Potato Chips Cooked At Home


Kids may love potato chips with the plantain flavor, BBQ or sour cream because they think it’s novel. It’s something unique, they can only get if parents drive to the supermarket to buy. They seldom realize that what is on the supermarket shelf is a replica of what was done in homes, before food was dried, salted and packaged into potato chip packages.

Every indigenous community in the world, has a way of preserving excess food. We had a good corn crop.  How do we preserve it for the winter? Hunters trapped a lot of animals. How do we dry the meat, after we’ve dried the skin for blankets, clothes and curtains? What is good about 2024, is practicality. Kids love potato chip flavours and guess what? They can make them at home. They visit the market with their parents, buy the plantain, slice it and cook it in butter. Kids will discover that it is more enjoyable that ‘plantain chips’ in a bag.
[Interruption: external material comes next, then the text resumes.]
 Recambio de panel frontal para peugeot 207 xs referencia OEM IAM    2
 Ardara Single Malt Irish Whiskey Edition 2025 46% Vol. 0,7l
Before kids make their own plantain chips, they will ask questions about the family. Dad is plantain a banana, it looks like a banana? Parents tell kids what bananas are called in Alabama, Thailand, Uganda, Caribbean and Samoa. My friends from Uganda called it matoke. There might be religious and cultural rituals associated with what we know as banana.

What we have now is kids at home, frying the plantain and getting global geographical and cultural knowledge about plantain, they got at the store for 0.97 cents a pound. It’s more fulfilling that grabbing a large size of plantain potato chips and munching away ignorantly.